## Prompt
Your answer must be the records below repeated word for word, with no pictures in it.

+++ Data for processing

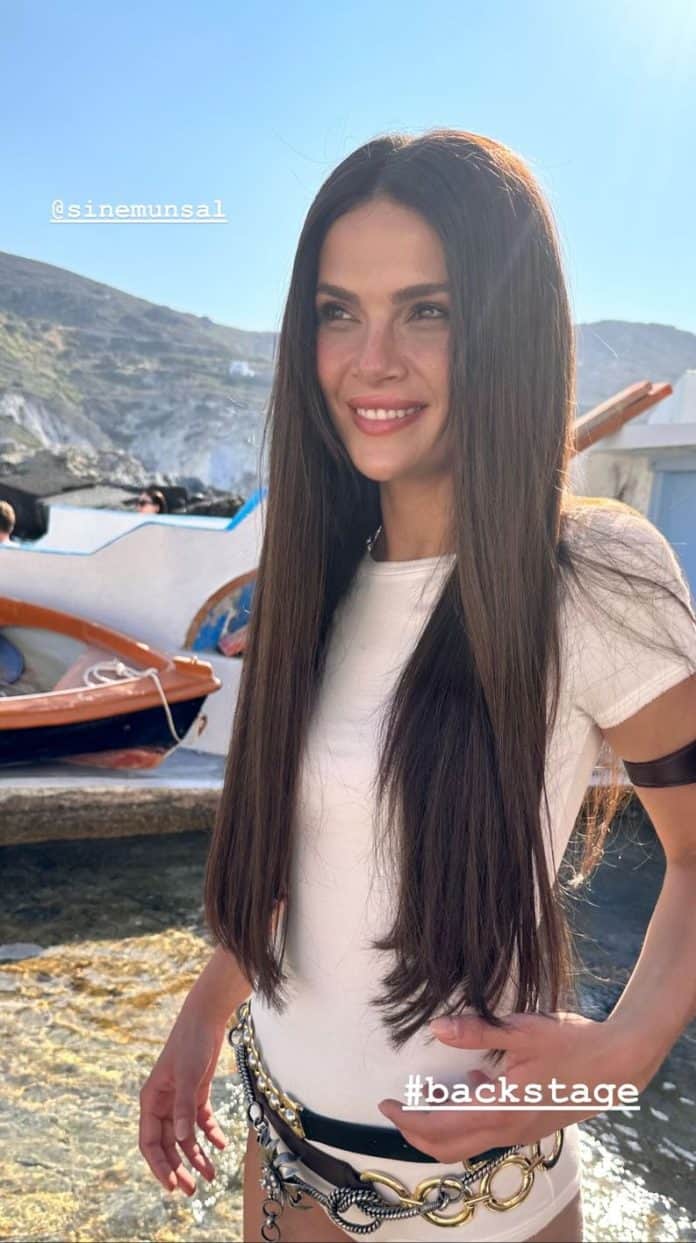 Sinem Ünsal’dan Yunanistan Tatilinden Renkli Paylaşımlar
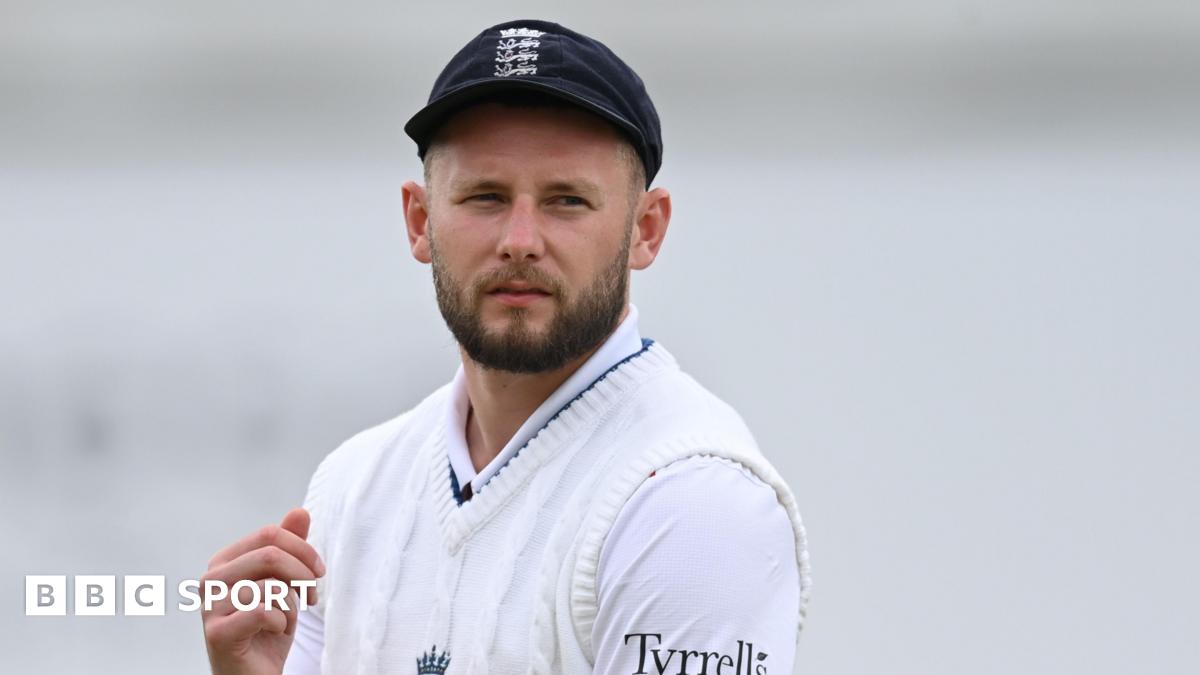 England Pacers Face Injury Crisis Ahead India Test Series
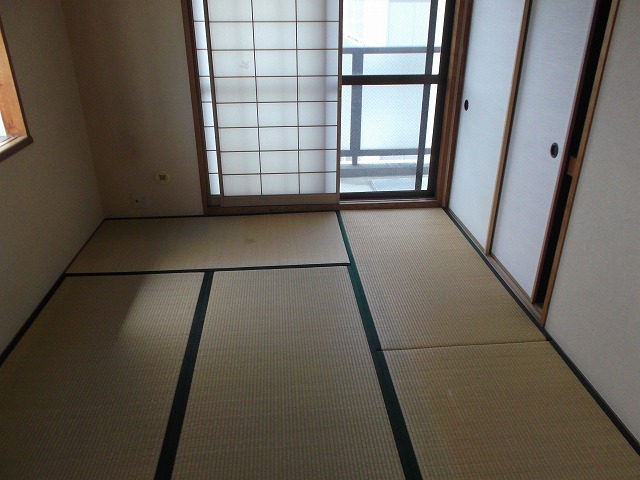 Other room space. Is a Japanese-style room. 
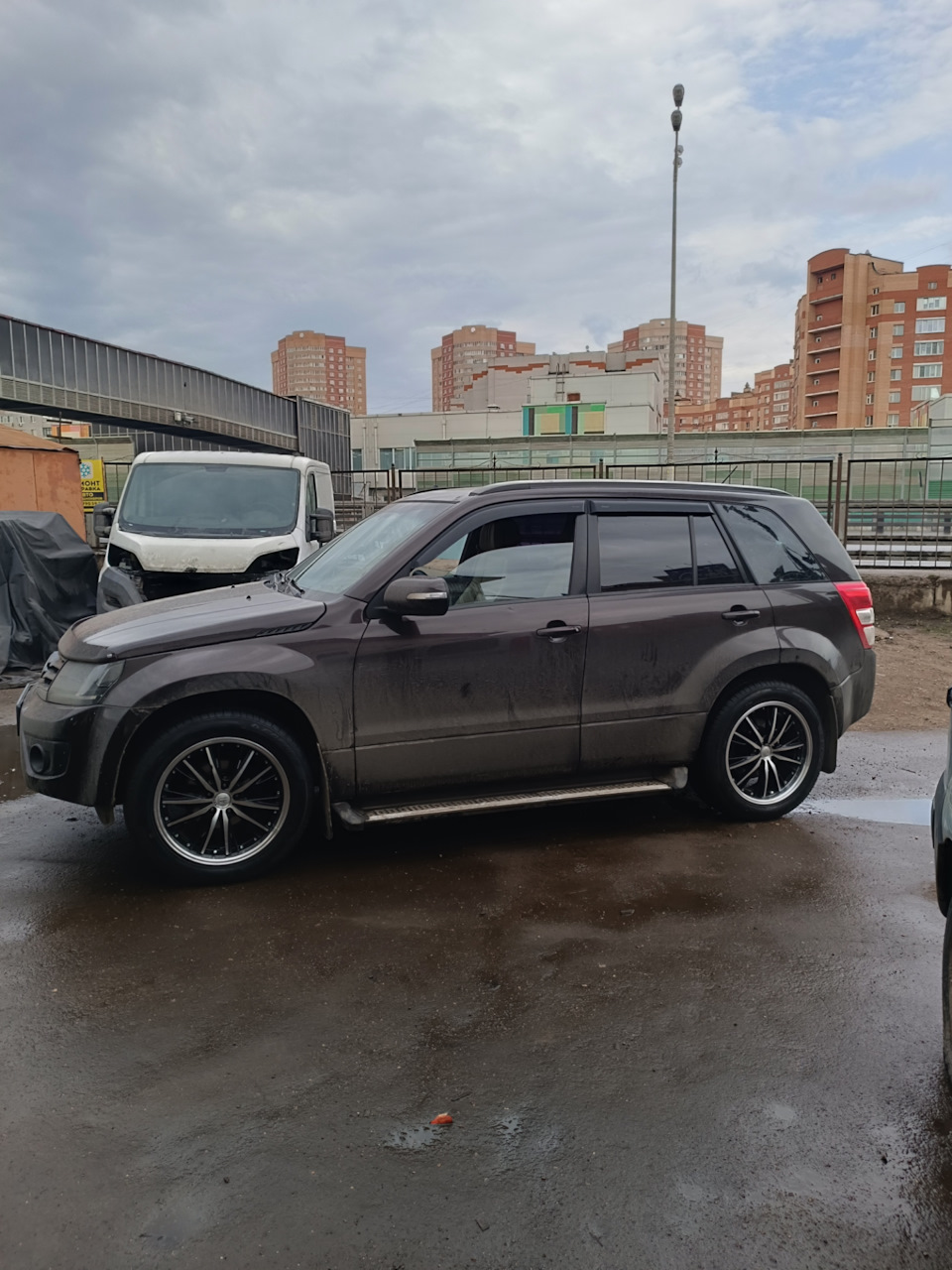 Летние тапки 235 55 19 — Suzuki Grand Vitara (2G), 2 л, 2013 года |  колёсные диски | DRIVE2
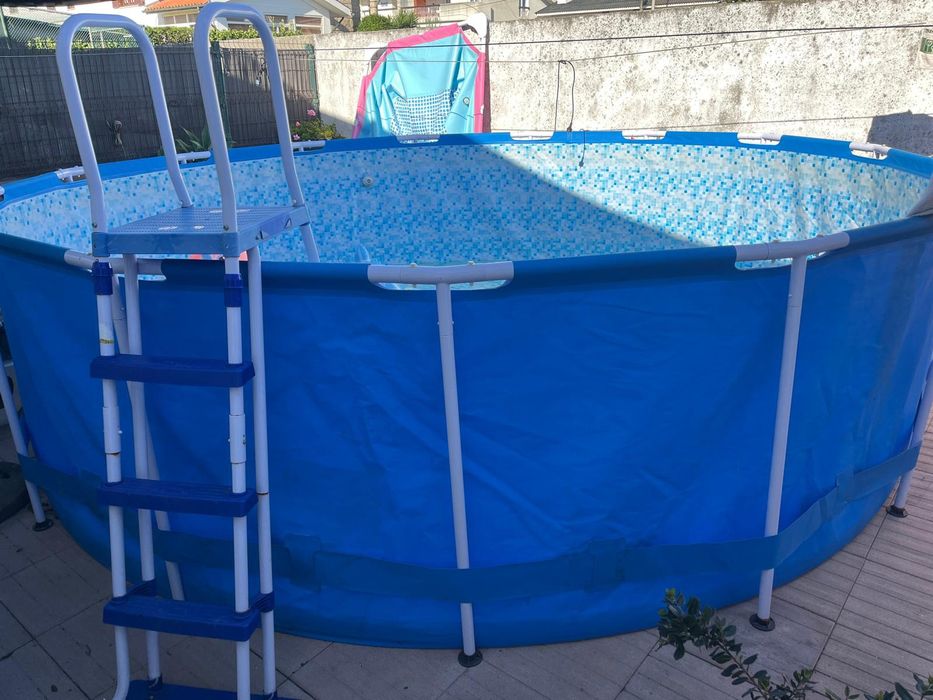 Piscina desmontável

++++++

## Your response
 Sinem Ünsal’dan Yunanistan Tatilinden Renkli Paylaşımlar
 England Pacers Face Injury Crisis Ahead India Test Series
 Other room space. Is a Japanese-style room. 
 Летние тапки 235 55 19 — Suzuki Grand Vitara (2G), 2 л, 2013 года |  колёсные диски | DRIVE2
 Piscina desmontável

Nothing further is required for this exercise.